=== Begin Enclosure ===

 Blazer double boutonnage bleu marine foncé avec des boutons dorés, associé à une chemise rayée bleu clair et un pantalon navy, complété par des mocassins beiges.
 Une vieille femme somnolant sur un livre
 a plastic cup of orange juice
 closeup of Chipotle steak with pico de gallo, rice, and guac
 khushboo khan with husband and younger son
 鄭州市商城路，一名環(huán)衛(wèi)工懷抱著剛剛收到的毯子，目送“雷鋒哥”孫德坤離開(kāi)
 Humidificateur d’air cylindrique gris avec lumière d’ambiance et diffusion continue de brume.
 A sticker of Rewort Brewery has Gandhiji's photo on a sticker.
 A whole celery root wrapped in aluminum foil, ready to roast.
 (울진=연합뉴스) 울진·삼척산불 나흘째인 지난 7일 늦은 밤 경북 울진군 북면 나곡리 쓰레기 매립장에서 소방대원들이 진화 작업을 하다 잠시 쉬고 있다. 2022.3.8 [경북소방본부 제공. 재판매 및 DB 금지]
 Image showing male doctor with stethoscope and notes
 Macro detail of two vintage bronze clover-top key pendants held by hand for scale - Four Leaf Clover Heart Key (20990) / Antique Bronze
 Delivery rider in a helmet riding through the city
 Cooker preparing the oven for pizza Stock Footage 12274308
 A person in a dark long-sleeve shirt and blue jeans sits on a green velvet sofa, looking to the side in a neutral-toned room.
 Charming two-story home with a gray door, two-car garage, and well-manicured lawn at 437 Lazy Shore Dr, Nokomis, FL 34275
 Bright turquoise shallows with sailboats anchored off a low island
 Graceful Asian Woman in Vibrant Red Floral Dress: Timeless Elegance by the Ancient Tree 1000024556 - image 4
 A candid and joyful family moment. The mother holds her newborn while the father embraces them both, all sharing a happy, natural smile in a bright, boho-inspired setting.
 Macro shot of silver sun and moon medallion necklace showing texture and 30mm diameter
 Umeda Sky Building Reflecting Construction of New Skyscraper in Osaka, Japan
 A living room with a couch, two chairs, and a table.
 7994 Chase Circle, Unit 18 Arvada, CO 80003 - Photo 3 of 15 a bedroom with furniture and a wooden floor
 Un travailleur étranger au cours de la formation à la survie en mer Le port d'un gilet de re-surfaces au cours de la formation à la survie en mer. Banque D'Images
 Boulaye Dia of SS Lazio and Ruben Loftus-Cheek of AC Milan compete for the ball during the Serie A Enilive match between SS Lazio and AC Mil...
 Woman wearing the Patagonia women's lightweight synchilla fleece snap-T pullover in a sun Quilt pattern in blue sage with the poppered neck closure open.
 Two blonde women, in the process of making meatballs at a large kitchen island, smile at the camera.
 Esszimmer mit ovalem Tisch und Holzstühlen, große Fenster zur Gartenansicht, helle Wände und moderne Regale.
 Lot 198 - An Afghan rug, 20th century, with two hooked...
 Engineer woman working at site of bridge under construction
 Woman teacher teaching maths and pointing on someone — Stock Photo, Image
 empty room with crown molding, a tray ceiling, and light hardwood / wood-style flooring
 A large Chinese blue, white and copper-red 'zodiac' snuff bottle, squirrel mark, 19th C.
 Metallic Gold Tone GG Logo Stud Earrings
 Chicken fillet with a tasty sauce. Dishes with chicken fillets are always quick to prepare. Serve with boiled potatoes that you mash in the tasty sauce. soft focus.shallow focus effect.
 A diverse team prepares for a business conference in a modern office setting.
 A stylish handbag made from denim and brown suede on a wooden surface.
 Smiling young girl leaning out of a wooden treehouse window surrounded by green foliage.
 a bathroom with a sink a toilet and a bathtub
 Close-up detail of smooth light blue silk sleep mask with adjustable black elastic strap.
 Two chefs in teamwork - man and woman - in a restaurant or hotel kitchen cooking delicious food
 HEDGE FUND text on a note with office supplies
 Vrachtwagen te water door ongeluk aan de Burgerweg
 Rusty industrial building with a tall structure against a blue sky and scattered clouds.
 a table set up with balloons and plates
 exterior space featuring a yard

=== End Enclosure ===

_TO DO_
Write out exactly the lines above from the line with "Humidificateur d’air cylindrique" through the line with "A whole celery", both of them included, and leave out all other lines.

_RESPONSE TO THIS EXERCISE_
 Humidificateur d’air cylindrique gris avec lumière d’ambiance et diffusion continue de brume.
 A sticker of Rewort Brewery has Gandhiji's photo on a sticker.
 A whole celery root wrapped in aluminum foil, ready to roast.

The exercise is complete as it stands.